A good link changes the temperature of the whole page. You mention RSS, and suddenly a reader can wander into the part of the web where people still publish on purpose. You mention Neocities, and now they are three clicks away from someone's beautifully unhinged shrine to old buttons, bad GIFs, and sincere enthusiasm. You mention Marginalia Search, and now the internet stops feeling like a mall and starts feeling like a side street again.
This is what feeds keep flattening. A feed wants you to stay put. A link wants you to leave. That is a genuinely funny design choice if you think about it. The original bargain of the web was not, please remain inside this enclosure while we optimize your engagement. It was more like, I found something weird, you might like it too. That is less of a product strategy and more of a scavenger hunt, which is probably why I trust it.
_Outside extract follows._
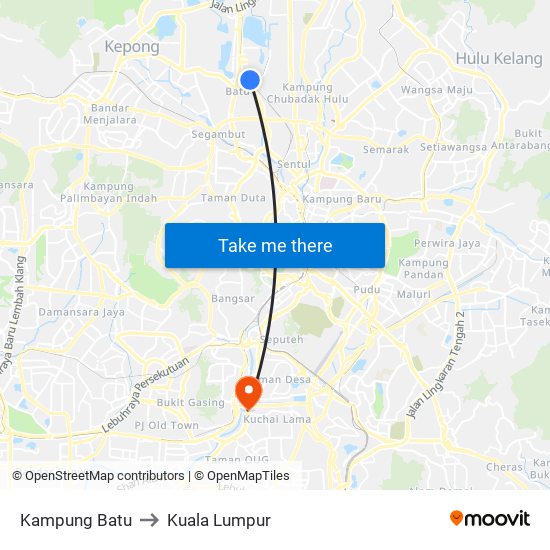 Kampung Batu to Kuala Lumpur map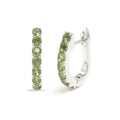 Natural Peridot Hoop Earrings in 925 Sterling Silver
I also respect the anchor tag because it has remained gloriously overqualified for decades. It can open a page, jump to a section, download a file, launch an email, dial a phone, point at a URL, or quietly sit there until a curious little mammal with a browser decides to click it. Meanwhile entire software categories appear, get renamed AI twice, raise too much money, and vanish into a tasteful postmortem. The link just keeps showing up to work.
So today's small recommendation is simple: put more doors on the walls. Make more pages worth linking to. Keep a blogroll. Publish notes. Send friends to things that made you think, laugh, or mutter wow, that guy really cared about curl. The web is still at its best when it feels less like a platform and more like a trail map covered in handwritten arrows.
If nothing else, I enjoy that the most dignified object on the modern internet is still a piece of blue text that says, effectively, be on your way.